GSAS Student Council president Alexis G. Turner — a Ph.D. student in the History of Science — said while they support ongoing advising initiatives for graduate departments, they would also like to see the hiring of staff members whose sole responsibility is to support BGLTQ students. Such roles already exist at other institutions, according to Turner.
“As long as the GSAS administration is not given the budget from above to do what they need, all of their initiatives are going to be putting band-aids on a larger problem,” they said.
In an emailed statement, the student organization LGBTQ@GSAS said recent surveys of graduate students have illuminated the need for increased institutional support for BGLTQ students.
“In previous years, the administration has declined to commit these resources citing the lack of quantitative data,” the statement reads. “The data are now available, and we are impatient for action and to work with our allies in the administration to secure the resources LGBTQ+ students and students of color need to thrive at Harvard.”
Ann Hall, a spokesperson for GSAS, said the School is assessing recent student mental health data and actively working on solutions.
The GSAS Office of Diversity and Minority Affairs currently works with Diversity and Inclusion Fellows to support student groups, including BGLTQ students. The University’s Office for Diversity, Inclusion & Belonging hosts drop-in chats for BGLTQ students as well, among other initiatives.
For Grygiel, it is significant that the Court occurred within Harvard’s gates. Grygiel points to Harvard’s institutional influence as an additional reason why it should award the degrees, thereby setting an example for others to follow.
“The thing about Harvard is that it’s renowned — it’s Harvard. They’re a leader in not just education, but our society. And so if Harvard can’t get it right, how can we hope that other institutions will?” Grygiel said. “That’s why it’s very important to hold Harvard accountable, for them to keep being pressed on this topic. And I still think that they have not made this right.”
Paley said that while honoring the history of the Court, it is also important to recognize that there are stories similar to the Secret Court that will never be revealed.

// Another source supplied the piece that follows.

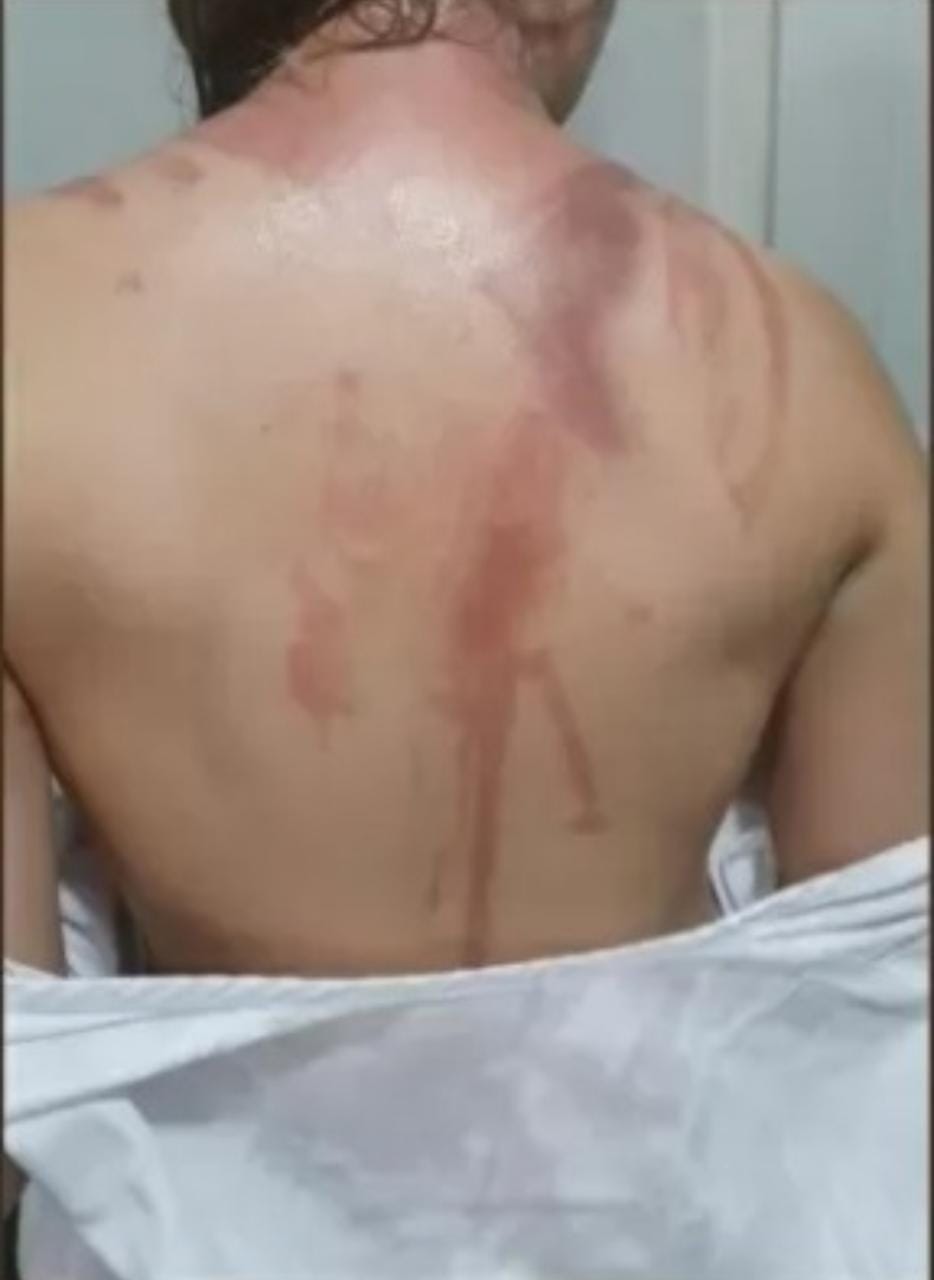 Envolvidos em trote de Universidade que deixou 20 queimados são liberados de prisão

“We happen to know about the Secret Court of 1920 because it was written down and recorded, and through a series of relatively unusual reasons, these notes were kept and were not destroyed,” he said. “But the Secret Court and the discrimination that those students face was not unique. There were many, many other examples of that. We just don’t know what they all were, because they were either not recorded, or they were recorded, but then the documentation was lost or destroyed.”
McCarthy said the reluctance of University administrators to acknowledge the history of the Secret Court suggests a fear that “other histories will be unearthed” — ones that bring to the fore hardships faced by other marginalized groups including immigrants, low-income students, and people of color.
“My response to that is, ‘And? Why is that a problem?’ That is a project of reparations. That’s a project of repairing, of restoring, of honoring, of reconciling, of reckoning with the institution’s own complex history,” he said. “And that’s what we should be doing, is shining a light on that. And certainly as a historian, that’s my job. That’s what I was trained to do.”
“And so we’ll continue to do that, regardless of whether or not the Harvard administration accepts our argument or awards these degrees posthumously,” McCarthy added. “We’ll keep telling the truth — we’ll keep pressing for justice.”